Durch einen kurzen dunklen Flur gelangen wir in einen großen hohen rechteckigen Raum. Die Zimmerdecke aus kleinen Holzbalken und Stroh wird durch zwei dicke steinerne Säulen getragen. Zur linken befindet sich ein großer roter Teppich, darauf steht ein runder, flacher Tisch mit Tischbeinen von vielleicht 20 cm Höhe. Der Raum ist Rot/Weiß gestrichen. Horizontal unterteilt, unten rot, oben weiß. Der Anstrich ist vielleicht mehr als 20 Jahren alt? An der Stirnseite, die dem kleinen Flur gegenüber liegt steht eine kleine alten Kommode und darauf ein großer Flachbildfernseher und ein Satellitenreceiver. Es läuft eine marokkanische Soup in der ein Schönling einer Schönheit offenbar aufwendig einen Heiratsantrag macht. Inklusive Verlobungsring. Der Kontrast zwischen dem, was im Fernsehen zu sehen ist und dem, was wir in dem einfachen Raum erblicken, er könnte nicht größer sein.

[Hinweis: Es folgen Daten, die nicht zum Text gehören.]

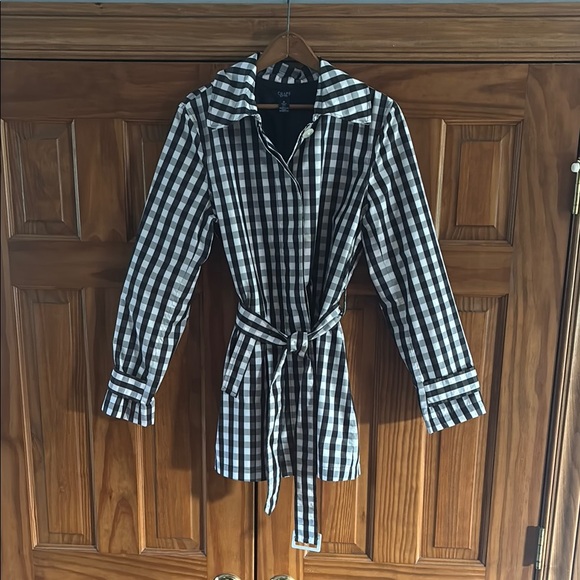 Chaps Black and White Checkered Belted trench coat - Picture 1 of 6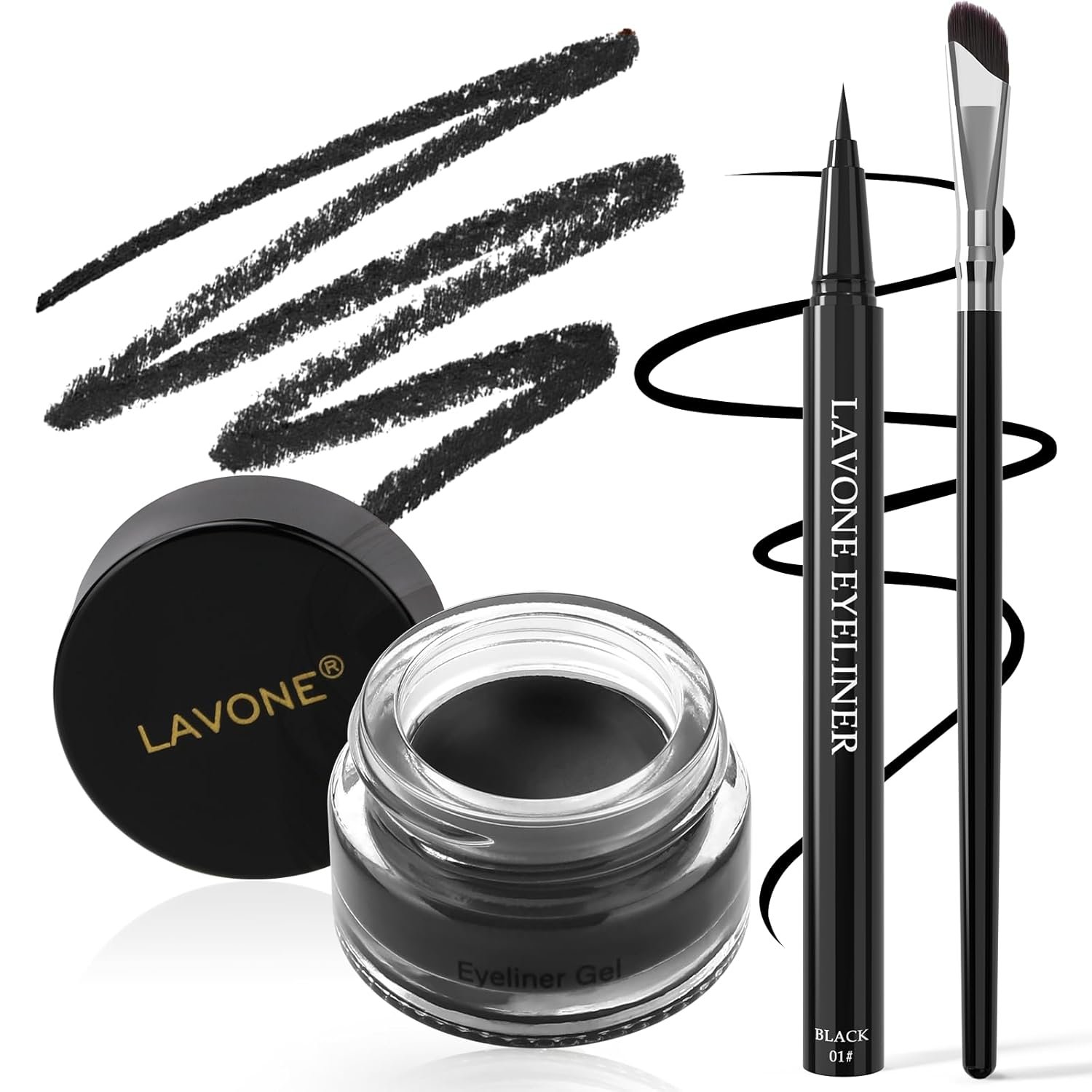 LAVONE Eyeliner Set – Waterproof Makeup Kit with Liquid Eye Liner Pencil, Gel Eyeliner and Angled Eye Liner Brush, Waterproof, Smudge Resistant, Long Lasting Formula – Black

SAID stellt uns seine Familie vor:
JAMILA, 12 Jahre, gerade noch schnell als Pizzabäckerin beschäftigt. FATIMA 27 Jahre, kommt gerade von ihrem Job im kleinen Dorfsupermarkt und muss nach dem Essen auch wieder da hin. Bis 2300 geht die Schicht. Müde ist sie jetzt schon.
JONAS, 17 Jahre, ein hochgeschossener Kerl, der SAID im Camp bei der Arbeit hilft. SARAH, die Mutter von insgesamt fünf Geschwistern und die Oma. Der Vater ist schon gestorben und man merkt den ganzen Abend, das SAID als das älteste Kind so was wie die Vaterrolle aktiv ausfüllt.
SARAH macht Pfefferminztee. Abenteuerlich: Alle Zutaten in eine Teekanne und die dann in die glühende Kohle eines offenen Holzkohlegrills, der mitten im Raum herum steht. Alle laufen Barfuß, das mal bloß keiner dieses offene Feuer um schmeißt!
1900. Wir sitzen alle auf dem Boden um den runden Tisch und langen zu. Vorweg gibt es für alle eine große Schüssel Linsensuppe, dann nimmt jeder, was er will vom Tisch. Pizza, gefüllte Teigtaschen, Datteln, hart gekochtes Ei, Brot. Selbst gemachten Fruchtshake und weiter jede Menge Tee.
Es schmeckt so was von vorzüglich! Anfangs wird kaum geredet und wir fragen, ob es OK sei, beim Essen zu reden. Ja klar, fühlt euch wie zu Hause, sagt SAID. Und so erzählen wir von unseren Kindern, JAMILA erzählt davon, das sie auch gerne Lehrerin werden möchte. Wie FATIMA. Sie hat ihr Studium fertig und wartet auf eine Anstellung. Doch ihre Bewerbung um einen Arbeitsplatz in ZAGORA blieb unbeantwortet. Nächstes Jahr will sie es noch mal versuchen. Es gebe so gut wie keine Arbeit in MAROKKO.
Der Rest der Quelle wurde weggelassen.